God, You have never failed

You won’t start with me

I KNOW all this and yet sometimes my faith fails me.  Why is that?  When I was talking to God before I went to sleep last night, He said to read Isaiah 40:31.  I was like again with Isaiah 40:31 God?  I don’t have to read it, I know it.  The NLT version says:  “But those who trust in the LORD will find new strength. They will soar high on wings like eagles. They will run and not grow weary. They will walk and not faint.”  The KNJV says:  “But those who wait on the LORD Shall renew their strength; They shall mount up with wings like eagles, They shall run and not be weary, They shall walk and not faint.” There it is…trust in the Lord and wait on the Lord.  But God, I said, I do trust you.  And He said, then wait on me.  Ouch! God said when I give you a promise, I’m good for it.  But there are some things you have to do.  You want to soar high like eagles.  You want to run and not grow weary.  You want to walk and not faint. But you won’t wait. Dang it!

The name of this blog is Really Rita for a reason.  This is how God and I go at it.  My sister-friend and awesome woman of prayer Latarsha calls it wrestling with God when she and God go back and forth. I don’t challenge God because I don’t trust God, I question because I want to get it right.  His version of right.  So sometimes, it gets real real with me and God and I imagine Him raising an eyebrow and saying really Rita…this is what we’re doing today? I invite Him to correct my faulty thinking and He does through a variety of ways.  Sometimes through meditation, a sermon, or a Christian friend.

Another sister-friend and incredible Christian mindset coach, Erin Marie, also known as BWFWoman, reminds me all the time of Romans 12:2 (NIV): “Do not conform to the pattern of this world, but be transformed by the renewing of your mind.” My thoughts determine my actions and my actions determine my direction and my direction determines my outcome. Clearly, I have some thoughts that need correction in the area of waiting and patience.

I asked God why is it that waiting and patience are so heavy for me.  He said very simply “because you are carrying weight, weights that are keeping you from being able to wait well.”  Whew, Lord!  Break it down for me.  Let’s go back to the Isaiah 40:31 scripture.  Why is it that eagles can soar?  Why is it that runners can run and not grow weary?  Why is it that walkers can walk and not grow faint? They are not carrying unnecessary weight.

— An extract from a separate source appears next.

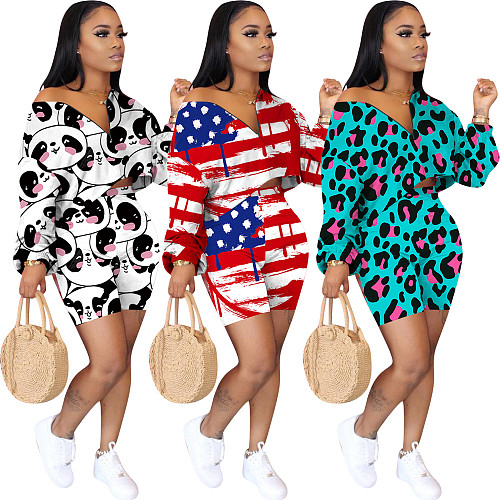 Casual Multi-Color Printed Long Sleeve T-shirt and Shorts Set OYF-8198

On my meditation walk this morning I asked God to show me what weight I needed to lose to be light on my feet so that I can trust and wait better.  Fear is a weight.  Doubt is a weight. Worry is a weight. Anxiousness is a weight.  Inconsistency is a weight. Lord knows I love God with everything in me.  But in order to realize real trust in Him, the weight has to go.

Let us pray…

God thank you for being a Man of Your Word.  Thank you for your consistency and your omnipotence.  Thank you for timing out every promise you have for me.  God help me to fix my gaze on you. Let all the weights that pull me in any direction other than toward you fall off me today.  In Jesus’ name, Amen.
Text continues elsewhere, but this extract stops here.